I’ve been following this foundational program for the past month, three times each week. While also working the chest, and quadriceps, the compound movements of this workout primarily strengthens the posterior chain (and therefore, your back, and all of the muscles protecting your spine). When I began in December, I began with the following weights:
SQ: 55lbs 5×5
DL: 50lbs 5×5
BP: 40lbs 5×5
BE: BW (3×10)
Quite a difference! And I’m so happy that today, even on a ‘weak’/recovery day, there is significant improvement in not only the lifting weights, but also in form. Four weeks ago, I couldn’t even squat properly. It took about a week to correct the form to squatting to parallel. And today, I squatted past parallel to a low bench. There are still weaknesses and mobility issues that need work; however, overall, my form is significantly more even and aligned. Weights did that! Lifting weights changes your neuromuscular connection to movement.

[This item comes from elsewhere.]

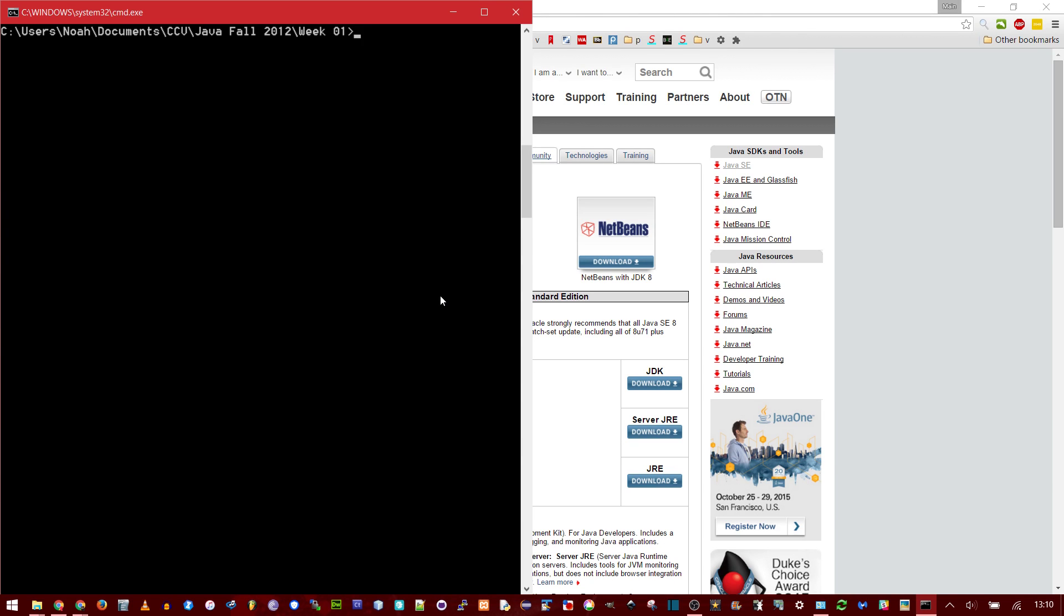In this video, I'll be showing you how to set up Java and add it to your Windows Path environment variables. This way you can compile stuff from the command line.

Even though I am doing the same workout each time, I am never bored with this workout. Each day is different; I notice what my body needs and I am able to adapt the program. There was one day last week that I really didn’t feel like lifting. I went into the gym anyway, and instead of completing the 5×5 program, I did each exercises with the bar (45lbs) for three sets of then (3×10). Obviously, this is a completely different workout. I did not gain much strength or mass. Instead, I worked up a nice sweat, while practicing excellent precise form. I left the gym feeling totally rejuvenated.
I have not gained weight. In fact, I’m pretty sure that I’ve lost about 2-3 lbs as well as a full percentage point of body fat (this is now a off due to recent week-long illness–not recommended). Surprise, surprise, I am not becoming overly bulky or overly muscular (despite the fact that this is a ‘gains’ program). I am more muscular, but not in an unfeminine way.

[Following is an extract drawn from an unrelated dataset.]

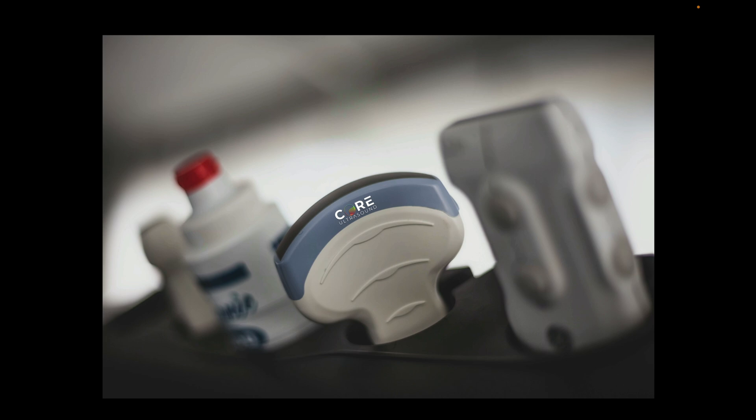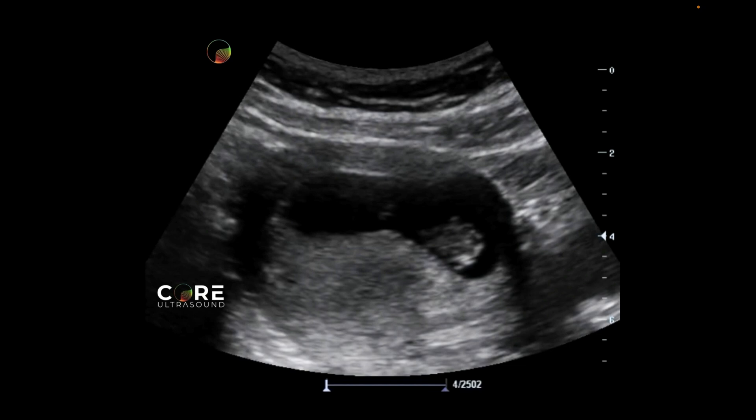Your probe of choice for this exam is going to be the curvilinear transducer. If you can use the curvilinear, that's better, but you can use the phased array transducer in a pinch, and in some situations even the linear transducer, and I'll talk about that in a bit.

I have made no significant changes to my diet other than possibly eating more! I eat 2-300 calories at regular intervals throughout the day, and specifically after a workout. I learned that I must eat after a lifting workout; otherwise, I experience a major crash and become very overwhelmed (grouchy and tearful) and mentally foggy (grr). I also eat a very big breakfast of eggs and tahini toast every morning; sometimes I eat two breakfasts, hobbit-style. And I highly recommend it.
Because I am so pleased with this past month’s results, I will be continuing this program for the recommended three months foundational period before transitioning to the full Phase 1 of Reg Park’s 5×5 Workout Program (eventually there will be a link here).
Over the course of the next two months, I will spend some time with you focusing on nutrition, safe and proper lifting form, and how to generate hip power through torque. I will also post about my workouts as a reference source for other women seeking to start a 5×5 lifting program for strength. There will be before/after pics, etc.
Until next time, I leave you with the following Arnold wisdom:
Milk is for babies. When you grow up, you have to drink beer!